As many of you know, I recently thought the world was coming to an end due to the events of a total solar eclipse. I kinda went a little nuts there, just as everyone does when they feel the end times are near, and maxed out a few credit cards and am now swimming in a substantially deep pool of debt. So far, I’ve tried to combat it with some budgeting, a few more freelance jobs on the side, and I’ve of course turned to everyone’s favorite game of chance: the lottery.
Now, before you start calling me a moron, hear me out. I’ve recently found myself knee-deep in the murky waters of lottery fever, and let me tell you, it’s a wild ride—one that’s left me questioning everything I thought I knew about this so-called “golden ticket” to financial freedom.
It started innocently enough. Like people everywhere, I was facing some tough times as a result of my end times prediction actions and was desperate for a quick fix. As I’d pick up my morning coffee at the gas station, I would buy fifty bucks worth of scratch tickets and a quick pick for the powerball. The very first time I played, I picked up a 7 dollar win on a quick pick, matching 3 of the 6 numbers, just 3 away from a jackpot worth hundreds of millions of dollars. I was hooked.
Armed with nothing but hope and a second mortgage on my house, I dove headfirst into a whirlwind of Powerball, Mega Millions, Keno, and enough scratch tickets to pave a yellow brick road to bankruptcy.
But alas, my dreams of striking it rich were dashed with each losing ticket, leaving me with less money than when I started and a sinking feeling that something fishy was afoot. Call it a gut instinct or just plain old common sense, but I couldn’t shake the feeling that the lottery might just be one big, elaborate scheme—a promise of wealth for the poor, only to line the pockets of the state and leave the rest of us high and dry.
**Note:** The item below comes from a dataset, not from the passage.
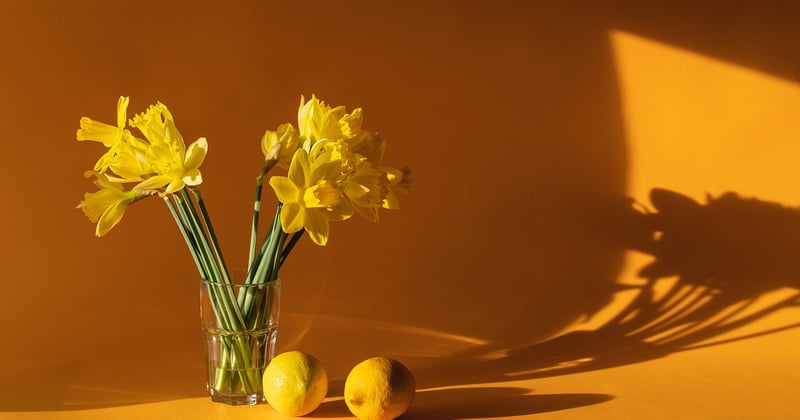 Objets connectés pour la maison intelligente : le guide ultime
So, why do I think the lottery is more scam than salvation? Well, let me break it down for you:
- Astronomical Odds: Let’s start with the obvious, shall we? The odds of winning the lottery are about as likely as finding a pot of gold at the end of a rainbow—or accidentally catching a fish without a pole while riding a unicycle. Seriously, how can anyone expect to win something that runs on odds worse than your chances of being hit by lightning?
- Algorithmic Selection: Have you ever noticed there are more and more billion dollar jackpots every year? There’s a reason for this, and it’s a pretty dastardly one if you ask me. In recent years, most everything is being run by increasingly sophisticated computer systems, and the lottery is no different. Through algorithms, each drawing can be hand picked to ensure the cheapest payout for the state. As the jackpot gets bigger and bigger, more people play the game and the state gets more money. Somehow, with everyone in America playing at once, the jackpot still manages to grow for three more drawings, pulling in even more players. With more advanced computer systems, the state is laughing all the way to the bank, which by the way, they also control. Suddenly, those billion-dollar jackpots start to seem a little too good to be true, don’t they?
- Siphoning Money: The lottery is often touted as a way to bring much-needed funds to towns and states, but at who is paying this cost? By preying on the hopes and dreams of desperate individuals, the lottery effectively siphons money from its players to benefit the very society they’re trying to escape by playing. It’s a vicious cycle that keeps the poor trapped in a perpetual state of financial struggle. Now before you say, “But Hiram, that’s not very funny, I thought you were supposed to be writing humorous musings and floofy crap like that?”, let me just point out…
- Taxing the Poor: The rich don’t play the lottery. Oh yeah, it gets funnier. I guarantee you that the wealthy are not buying lottery tickets. I mean why would they? They already have their money and they know better than to think that there would be some easy path to wealth. The reality is, the lottery disproportionately targets low-income individuals, effectively serving as a regressive tax on those who can least afford it. If the rich aren’t playing, maybe it’s time we rethink our own participation. But now you say, “But Hiram, you big dope, I still have a chance, and I’m helping the community!” Well that’s some attitude you have on you, because…
- Government Workers Are Helping Themselves: Call me cynical, but isn’t it a little suspicious that so many jackpot winners just happen to be government employees? From police officers to public servants, it seems like the odds of winning the big jackpots are somehow stacked in their favor. We’ve already been through how algorithms can play a role in deciding the winning numbers, so how hard would it be to get those numbers for yourself if you had access to lottery officials? Could it be that the whole system is rigged from the start?

In closing, I urge you to see the lottery for the governmental plot that it is. But hey, if you still want to try your luck, who am I to stand in your way? Just remember: when it comes to the lottery, the odds are never in your favor. And before you say, “Wow Hiram, what kind of bee flew up your bonnet this week?”, just remember I am like $160 grand in the hole now and that you need to come up with more recent colloquialisms.